I did put a lot of effort into curating it, and am quite proud of the results. Several comrades helped me put it together as well, their efforts shouldn't go forgotten. That post has a couple hundred upvotes currently, if a tiny fraction of those people actually use it then it's all worth it.
This post makes me feel uneasy for a two reasons:
This was not a popular twitter post at the time of archival.
This makes the bolsheviks behaviour and capture of government look better, which contradicts my (albeit basic) knowledge of history.
I haven't had the opportunity to check the syllabi of those colleges yet, nor contact the people who wrote those syllabi to ask them directly as to why they made such decisions.

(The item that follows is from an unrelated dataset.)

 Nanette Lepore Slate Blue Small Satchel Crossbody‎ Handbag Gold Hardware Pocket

Furthermore I would appreciate further comparison with the higher education institutions in other nations, including former soviet bloc.
In short this post makes a large claim (there is a conspiracy to hide information from the public) which I haven't verified personally nor seen anyone else but those invloved in this very conversation bring attention toward this supposed conspiracy.

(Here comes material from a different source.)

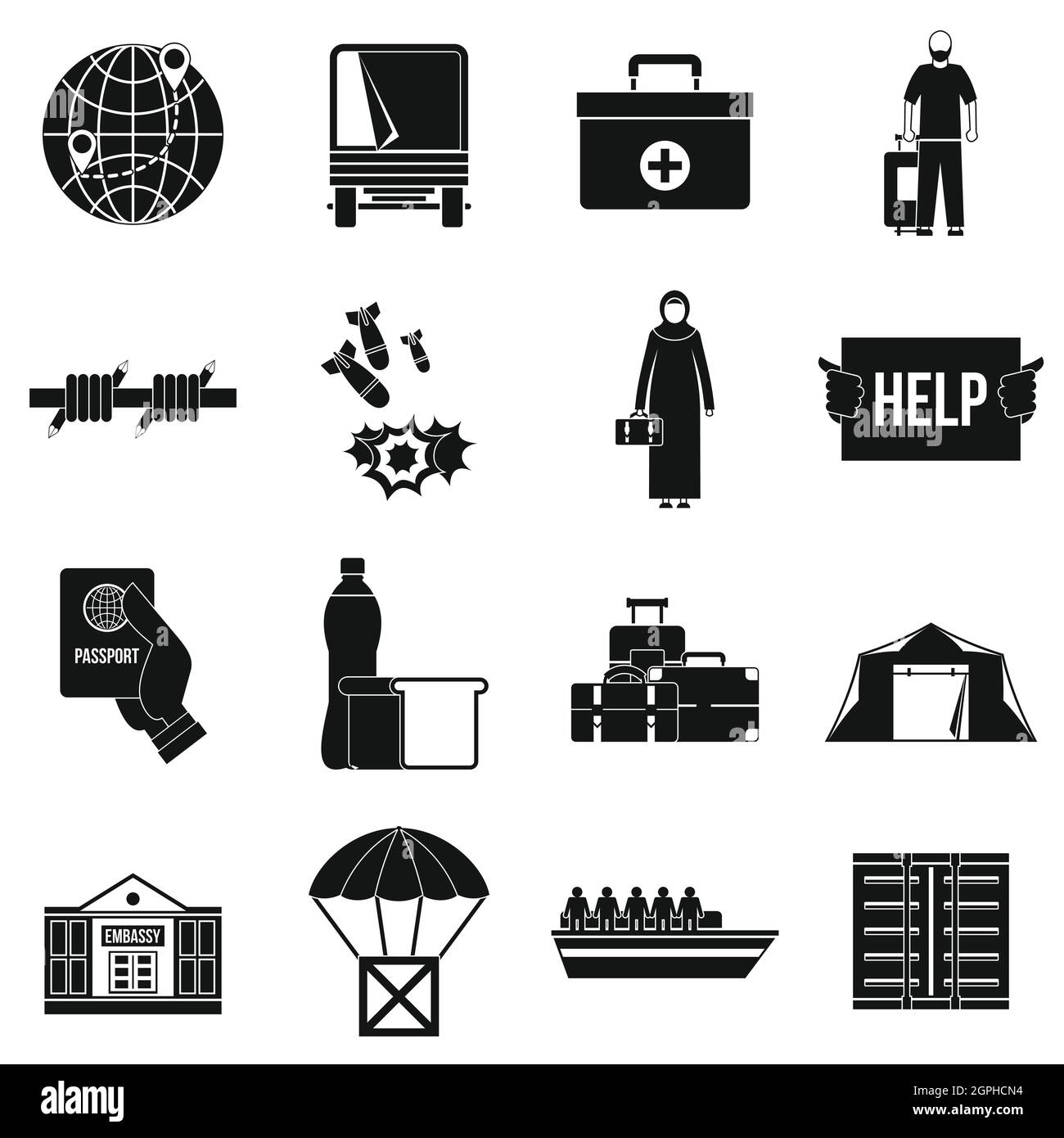 Refugees problem icons set, simple style Stock Vector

I will what I can to keep this comment updated according to the information I possess.
It isn't some far-fetched conspiracy to understand that the Red Scare exists, it's rather historical fact. Anticommunism is US policy, and this extends to education.
Secondly, the Bolshevik revolution was positive, I recommend reading the book Blackshirts and Reds. With Socialism came a dramatic and sustained improvement in worker's rights, equality of the sexes, a doubling of life expectancies, an end to famine, incredible scientific achievement in a country that began the century as an underdeveloped agrarian backwater, and a democratization of society in a way that far supercedes the former Tsarist system and the future Capitalist system in the Russian Federation.
If you have any questions, feel free to ask, and I'll do my best to answer if I can or point you in a better direction to search on your own.
I appreciate the sentiment, but not every country is as viewpoint-averse as the US. I read the Communist Manifesto as an assignment in high school. We shouldn't normalize the US's particular approach to propaganda.
To be fair, Marx is traditionally taught in a manner that distorts or coopts his messaging, blunting the practical and replacing with an anti-Marxist idealism. Marx is taught in the US in this manner as well. Simply assigning reading doesn't make one a Communist, especially if accompanied by bourgeois messaging. This applies doubly to the Manifesto, which is more of a pamphlet meant to energize the workers than an actual explanation of Marxist theory (which can admittedly be far more dry, even if I personally like reading and studying it).